= Problem description =
In the entries below, every line that contains "фото" must be located and copied.
----
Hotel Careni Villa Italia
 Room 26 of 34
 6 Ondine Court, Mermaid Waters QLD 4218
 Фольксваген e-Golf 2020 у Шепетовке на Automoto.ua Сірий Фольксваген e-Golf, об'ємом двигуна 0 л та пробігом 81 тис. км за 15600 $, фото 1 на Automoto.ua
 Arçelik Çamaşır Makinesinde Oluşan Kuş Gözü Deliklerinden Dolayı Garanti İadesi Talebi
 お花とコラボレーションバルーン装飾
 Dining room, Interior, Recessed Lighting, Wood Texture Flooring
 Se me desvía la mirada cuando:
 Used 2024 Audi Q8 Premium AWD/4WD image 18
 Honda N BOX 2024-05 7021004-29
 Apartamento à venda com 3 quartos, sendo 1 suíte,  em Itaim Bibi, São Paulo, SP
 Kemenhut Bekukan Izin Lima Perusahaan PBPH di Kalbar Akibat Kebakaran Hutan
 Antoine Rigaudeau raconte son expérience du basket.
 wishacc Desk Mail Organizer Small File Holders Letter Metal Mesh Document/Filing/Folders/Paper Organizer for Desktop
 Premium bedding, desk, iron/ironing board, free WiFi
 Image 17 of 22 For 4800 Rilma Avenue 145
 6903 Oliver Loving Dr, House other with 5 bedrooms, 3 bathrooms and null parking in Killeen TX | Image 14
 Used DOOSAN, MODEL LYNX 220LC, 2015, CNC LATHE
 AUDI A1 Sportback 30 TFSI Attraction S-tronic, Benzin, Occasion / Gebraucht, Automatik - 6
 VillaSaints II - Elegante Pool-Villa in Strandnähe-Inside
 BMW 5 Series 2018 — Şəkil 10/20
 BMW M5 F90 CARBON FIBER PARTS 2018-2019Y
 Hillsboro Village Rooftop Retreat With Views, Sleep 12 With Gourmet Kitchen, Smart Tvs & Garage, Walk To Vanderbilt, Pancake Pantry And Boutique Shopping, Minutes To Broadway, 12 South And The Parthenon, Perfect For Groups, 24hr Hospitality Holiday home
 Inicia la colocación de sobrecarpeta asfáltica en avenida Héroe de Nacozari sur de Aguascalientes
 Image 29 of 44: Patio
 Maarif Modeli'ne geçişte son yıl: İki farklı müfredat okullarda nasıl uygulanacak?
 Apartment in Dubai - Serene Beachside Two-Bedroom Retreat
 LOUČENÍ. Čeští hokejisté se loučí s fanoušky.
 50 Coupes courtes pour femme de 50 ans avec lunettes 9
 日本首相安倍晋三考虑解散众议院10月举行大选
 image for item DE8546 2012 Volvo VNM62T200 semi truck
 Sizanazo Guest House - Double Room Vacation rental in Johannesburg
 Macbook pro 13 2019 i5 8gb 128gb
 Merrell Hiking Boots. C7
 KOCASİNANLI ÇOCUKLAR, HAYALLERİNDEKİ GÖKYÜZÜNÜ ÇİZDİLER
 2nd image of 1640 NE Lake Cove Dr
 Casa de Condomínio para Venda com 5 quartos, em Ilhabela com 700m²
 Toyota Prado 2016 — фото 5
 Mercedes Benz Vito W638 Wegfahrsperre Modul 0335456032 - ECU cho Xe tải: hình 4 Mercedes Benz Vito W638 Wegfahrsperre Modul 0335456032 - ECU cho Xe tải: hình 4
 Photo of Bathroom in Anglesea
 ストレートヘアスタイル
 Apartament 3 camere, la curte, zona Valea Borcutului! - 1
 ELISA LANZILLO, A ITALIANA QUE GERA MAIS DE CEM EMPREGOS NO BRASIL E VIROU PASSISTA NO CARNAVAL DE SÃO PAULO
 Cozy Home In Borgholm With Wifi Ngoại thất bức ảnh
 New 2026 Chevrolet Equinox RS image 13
----
= Task response =
 Фольксваген e-Golf 2020 у Шепетовке на Automoto.ua Сірий Фольксваген e-Golf, об'ємом двигуна 0 л та пробігом 81 тис. км за 15600 $, фото 1 на Automoto.ua
 Toyota Prado 2016 — фото 5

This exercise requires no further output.